A aglomeração na periferia das cidades, praças e mesmo na sede da Funai, que permanece sem coordenador na região, não oferece condições de saúde, higiene e dignidade ao Yanomami da região do Alto Rio Negro, o que acaba por puxar outros problemas como violência, conflitos, alcoolismo e prostituição.

“Não se pode ficar somente na judicialização, que é fruto do trabalho árduo dos procuradores do MPF e promotores do MPE comprometidos com a causa. O município tem uma gestão favorável ao governo do estado que não tem política favorável aos indígenas, não dão apoio, não se comprometem e quando falam que vão fazer, não cumprem. No fundo, não querem que os indígenas se organizem”, afirma Cavuscens.

O fato gera uma mobilização constante de representantes de organizações indígenas e indigenistas em uma articulação corpo a corpo com cada um dos órgãos envolvidos com o atendimento aos Yanomami, incluindo Receita Federal, Distrito Sanitário Especial Indígena (DSEI), Secretaria Municipal de Assistência Social, além de serviços de saúde e educação do município e do estado do Amazonas.

O coordenador da Secoya relata que em Barcelos há uma única lotérica e uma agência pequena da Caixa Econômica, com dois guichês que não conseguem atender sequer a demanda da cidade. Nesse contexto, os indígenas são vistos pelos moradores da cidade como estrangeiros que tumultuam o que já era ruim.

“O município ainda não se preocupou em ter um espaço para receber de forma decente as comunidades ribeirinhas e indígenas que estão sempre na sede da cidade, e têm mais contato, até pela localização mais próxima. Eles têm mais articulação, sabem como transitar naquele meio urbano, quais são os meandros das instituições, mas precisam ficar alguns dias na cidade. Imagine em relação aos Yanomami, que além dos problemas sociais ligados à necessidade de afirmação identitária, enfrentam preconceito e falta de assistência à saúde, à educação e têm acesso à informação de forma precarizada”, explicou o indigenista.

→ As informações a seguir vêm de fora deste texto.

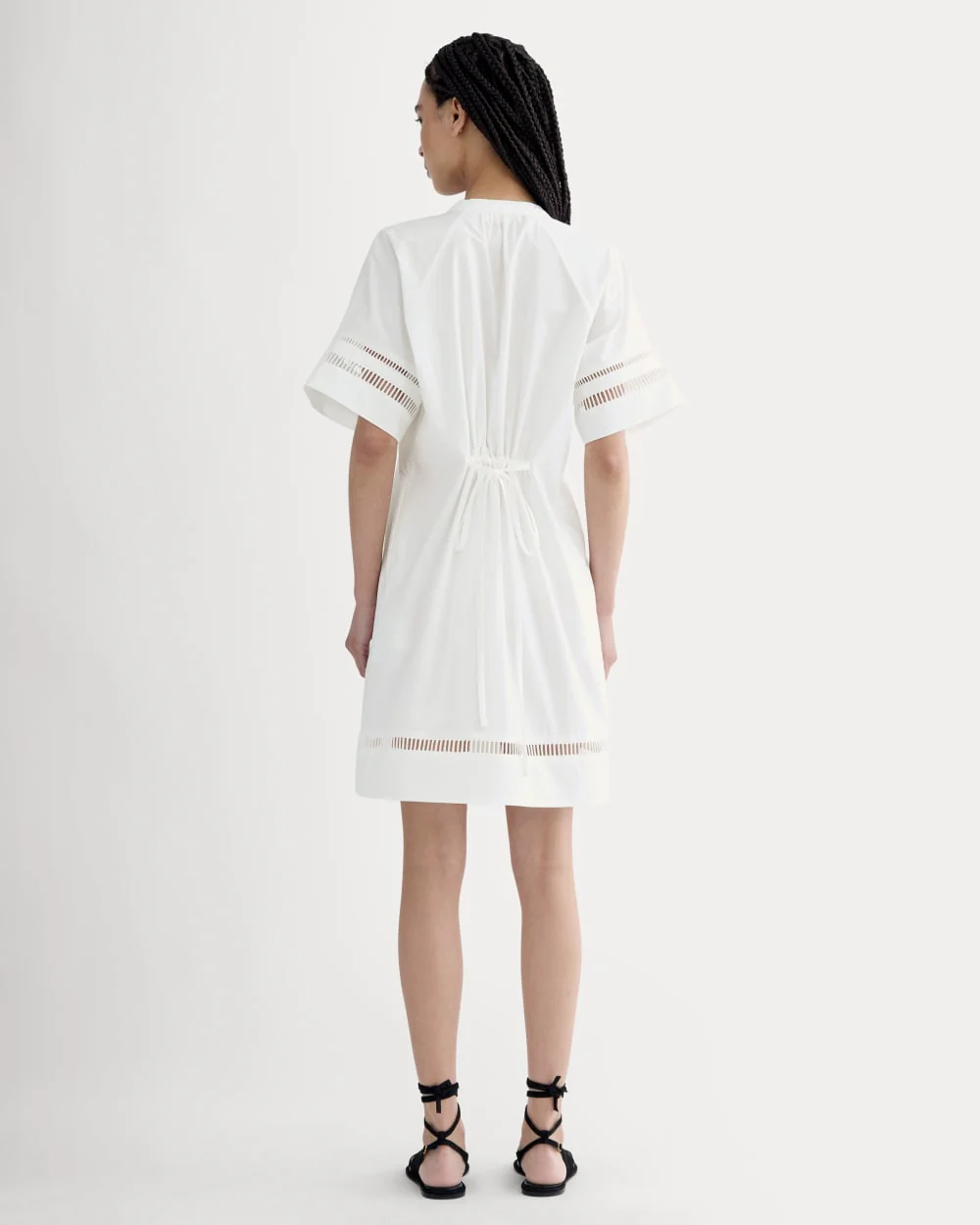 The Lace Trim Popover Dress | White - Image 4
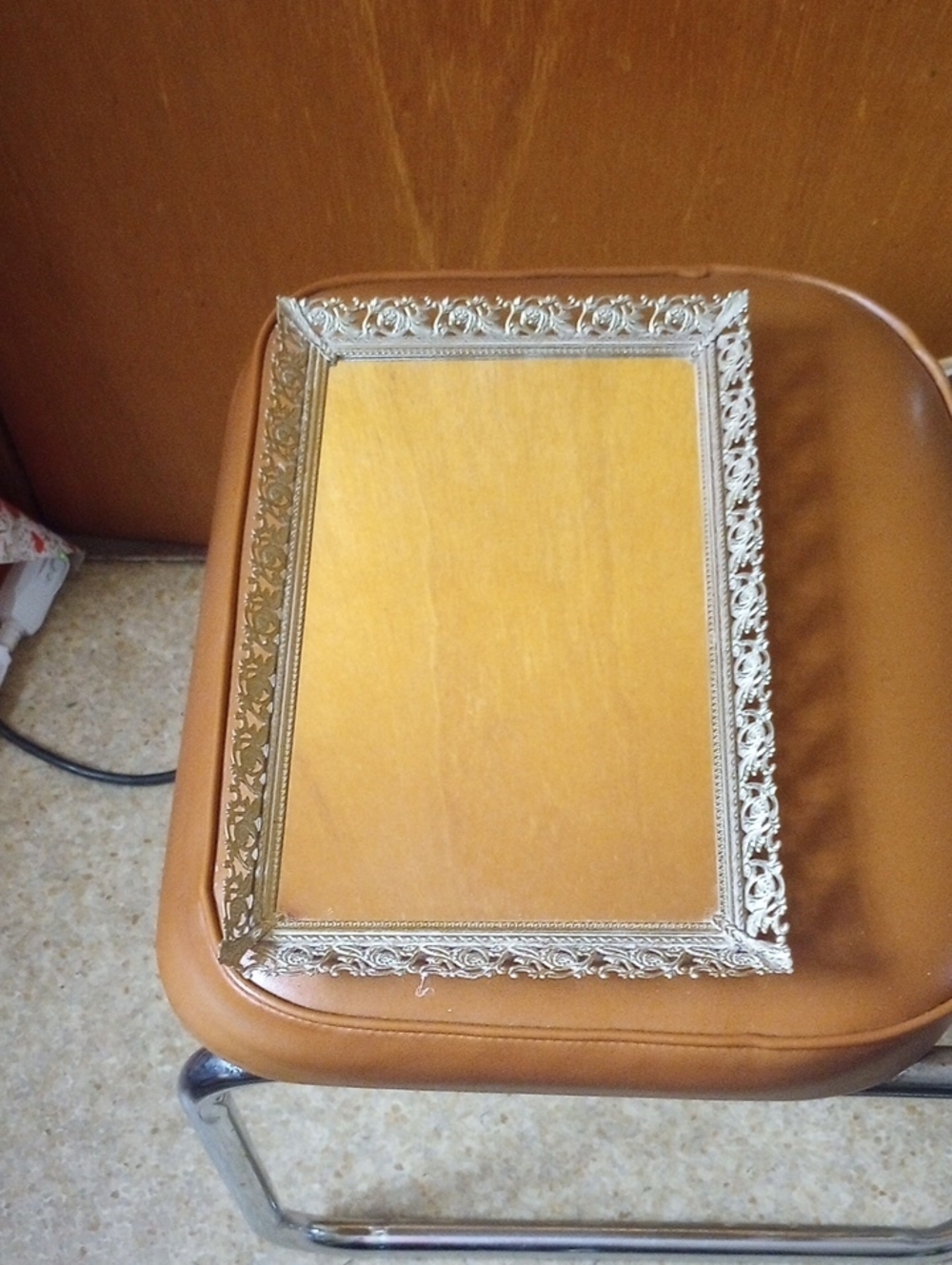 Classic Traditional Vintage 14.5 x 9.5 In Mirrored Vanity Tray w/ Ornate Design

O caso dos Yanomami do Alto Rio Negro é apenas um entre inúmeros que acontecem entre as populações indígenas da Amazônia. Além de enfrentarem situações degradantes pelas periferias e às margens dos rios, são vítimas de extorsão de comerciantes inescrupulosos, que acabam por reter os seus cartões bancários do Bolsa Família ou INSS. Os indígenas acabam por ficar reféns de “cadernetas” impagáveis nestes comércios.

Neste momento de reconstrução da política indigenista por parte do governo Lula, representada pela criação do Ministério dos Povos Originários, cabe às autoridades de Brasília repensar a forma de como as ações de combate à fome, por meio de programas de transferência de renda, podem beneficiar as populações indígenas – respeitando-se a autodeterminação de cada povo, garantindo a proteção aos seus direitos e evitando situações como as vividas pelos Yanomami do Alto Rio Negro.


O que diz a Caixa Econômica

Em resposta ao Varadouro, a assessoria da Caixa Econômica informou que, por meio do programa Missão Caixa, realiza desde fevereiro, atendimento especializado aos povos indígenas em Roraima e no Amazonas, além de implementar medidas para ampliar a assistência bancária na região.

“Em função da alta demanda no mês de junho/2023, em Barcelos (AM), o banco reforçou a equipe de empregados no município que, em parceria com a prefeitura e o CRAS, realizaram atendimentos entre 19 e 30 de junho. A Caixa ampliou ainda a permanência da Agência-Barco Chico Mendes em dois dias. A embarcação permaneceu naquela localidade entre os dias 19 e 23/06”, diz a nota da assessoria.